Молодая героиня Надя Дорохова тоже страдает от сознания того, что все гаснет и забывается.

Но мотивы Череванина Помяловский не только таил в себе – он их и преодолевал. Он не хотел смерти, он искал живых источников в той пустыне, которая расстилалась перед его духовными глазами. В его книгах часто слышится обращение к читателю и его дружбе; писатель как бы спрашивает его мнения и совета, его участия и сотрудничества. Даже несмотря на резонерство, которому иногда отдается Помяловский, чуются невыплаканные слезы, желание счастья, утешительных идеалов, путеводной звезды; есть добрый юмор, снисхождение и потребность в улыбке, тихой радости, сердечном отдыхе. Однако где же, в ком или в чем этот отдых найти?

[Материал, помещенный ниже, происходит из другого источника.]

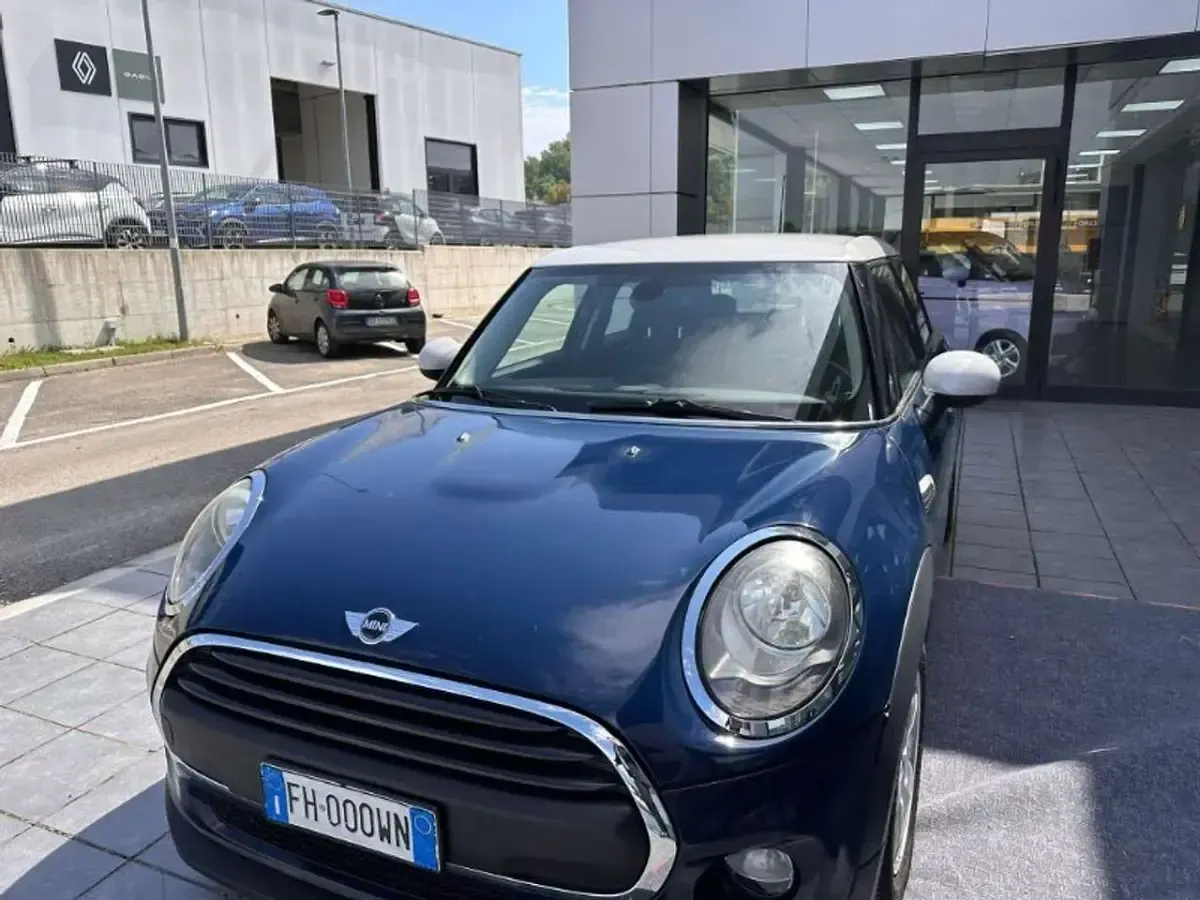 Usata Mini One D Business 95 CV (69 kW) 2017 Blu/azzurro Utilitaria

Его не дают воспоминания прошлого, потому что прошлое – это бурса, ее кошмары, и, как Молотов, должен был и сам Помяловский говорить о себе: «Где те липы, под которыми протекло мое детство? – Нет тех лип». Нет и будущего: одинокий и несчастный, он только грезит о «семейном круглом столе», за которым можно было бы посидеть «просто так, сложа руки», о «ласковом слове любящей женщины», которое «много значит в жизни человека». И читатель, к которому так доверчиво взывает автор, может оказаться одним из персонажей последнего, одной из жертв его справедливой сатиры (а ею, как уже упомянуто, значительно владеет изобразитель «Мещанского счастья»); читатель, может быть, похож на тупого и самодовольного Семена Ивановича («Вукол»), который книг вовсе и не читает, а высшее наслаждение находит в том, чтобы у себя в кабинете перебирать гербовую бумагу.